Every line of the listing below must be printed again exactly, apart from its pictures.

### DATASET EXCERPT:
◇ ◇ ◇

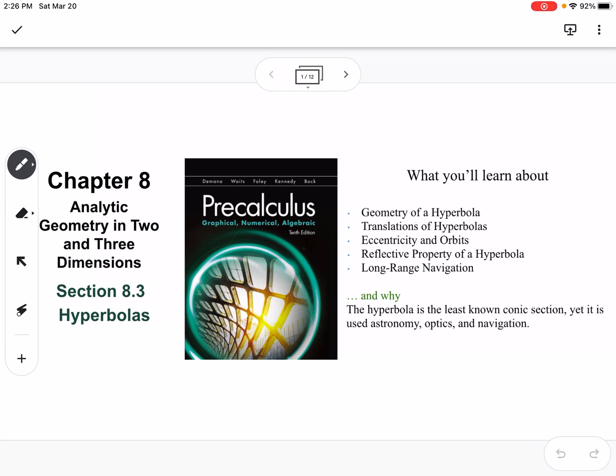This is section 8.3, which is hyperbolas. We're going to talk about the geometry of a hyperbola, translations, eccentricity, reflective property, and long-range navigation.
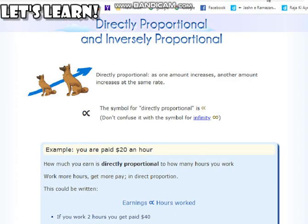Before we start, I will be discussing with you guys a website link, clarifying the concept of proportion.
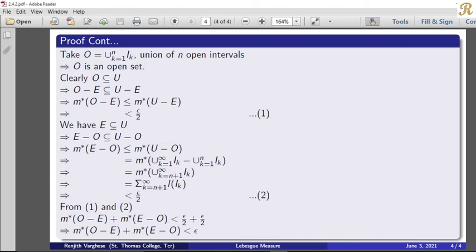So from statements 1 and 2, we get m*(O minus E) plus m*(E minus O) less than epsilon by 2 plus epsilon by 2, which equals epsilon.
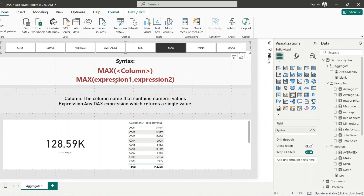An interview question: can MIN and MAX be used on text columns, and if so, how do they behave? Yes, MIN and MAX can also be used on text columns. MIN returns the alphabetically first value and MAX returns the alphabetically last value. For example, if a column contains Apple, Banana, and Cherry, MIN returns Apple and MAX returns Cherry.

◇ ◇ ◇

### RESPONSE BOX:
This is section 8.3, which is hyperbolas. We're going to talk about the geometry of a hyperbola, translations, eccentricity, reflective property, and long-range navigation.
Before we start, I will be discussing with you guys a website link, clarifying the concept of proportion.
So from statements 1 and 2, we get m*(O minus E) plus m*(E minus O) less than epsilon by 2 plus epsilon by 2, which equals epsilon.
An interview question: can MIN and MAX be used on text columns, and if so, how do they behave? Yes, MIN and MAX can also be used on text columns. MIN returns the alphabetically first value and MAX returns the alphabetically last value. For example, if a column contains Apple, Banana, and Cherry, MIN returns Apple and MAX returns Cherry.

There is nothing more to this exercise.